2. The assumption continued population growth is inevitable – Many also have the impression it would take decades to change that steep upward trajectory. But all the talk about demographic momentum assumes people of reproductive age will not dramatically alter the choices they make. We can get over this hurdle. It just takes a little information. Growth can stop 9 months from now if it’s enough of a priority.
3. Our fear of addressing the issue – The “population taboo” has many forms. We think it’s an inalienable right to reproduce as many offspring as we wish. It’s none of our business to suggest someone else limit family size. Some critics leap to the conclusion that sustainable population advocates in the developed world are trying to avoid addressing our overconsumption and blame humankind’s unsustainability on the procreation of people in the developing world.
For these and other reasons many good people avoid the topic. It’s become politically incorrect to use the word “overpopulation.” “Population dynamics” has replaced “population growth.” “Reproductive health” is mentioned instead of “contraception.” We see it at the UN and in statements from environmental and human rights groups. This PC approach to the topic pervades most of our media.
Perfect examples are statements from UN Secretary-General Ban Ki-moon. From an early World Population Day 2012 message:
“A world of 7 billion is both a challenge and an opportunity with implications on sustainability, urbanization, access to health services and youth empowerment.”
A challenge and an “opportunity?” Give me a break! And from his actual World Population Day 2012 statement:
“Multiple crises — food, fuel and financial — have caused significant suffering and served as a wake-up call about the need to pay far more attention to the building blocks of sustainable development. Reproductive health is an indispensable part of the sustainable development equation.”
That’s the best he can muster. In his defense, he does go on to actually use the word “contraceptives.” That in itself is astounding progress. But he does not have the cojones to tell the full truth. Here is what he ought to say (my words now):
“The world is overpopulated. We must find humane, voluntary ways to bring population growth to a halt as soon as is humanly possible. And we need to do this in the developed world as much as in the developing world.”
This is a tough beast to tame, but I’m going to suggest the George Carlin approach. Let’s get over our goody-two-shoes fear of the truth. Stop beating around the bush. Use the words. Our planet is overpopulated. Population growth is not good for our children. It would be in their best interest for us to conceive fewer of them. You can say it! It’s the compassionate, loving, humanitarian thing to say.

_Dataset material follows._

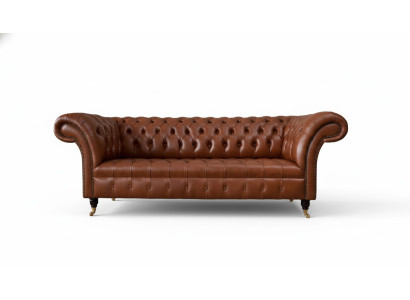Chesterfield Sofa 3 miejsce do siedzenia Brown Modern Podkładka Skóra Living Room Design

If we say it and write it enough, world leaders may follow (the irony is not lost on me).
Let’s also admit the developed world is overconsuming and we must deal with that issue simultaneously. And if we’re overconsuming, that means we North Americans and Australians have a population problem, too (Europeans not so much; many of these nations are experiencing population decline – which they should embrace with joy).
4. Our culture is addicted to growth – Our cities, states and nations compete to have the fastest growth. We pursue population growth because we connect it with economic growth, which is of course the Holy Grail (and a subject for another day). It’s impossible to have a sustainable world in which most of the geopolitical units are pursuing growth. Frankly, it can feed a hypocrisy in which rich cities and countries increase population and footprint, while thinking birth control for poor peoples and nations will solve our sustainability problem. It’s all nonsense. Of course we need to expose this mythology for what it is, and progress to more enlightened, sustainable prosperity strategies.
5. Propaganda from growth profiteers keep reasons 1-4 in play – We are programmed from birth to believe in and worship everlasting growth. News media and advertising reinforce that indoctrination on a daily basis. Some of this happens innocently enough – because journalists grow up with the same programming. However media companies and business tycoons benefit from a growing market so they intentionally serve up a steady diet of pro-growth Kool-Aid.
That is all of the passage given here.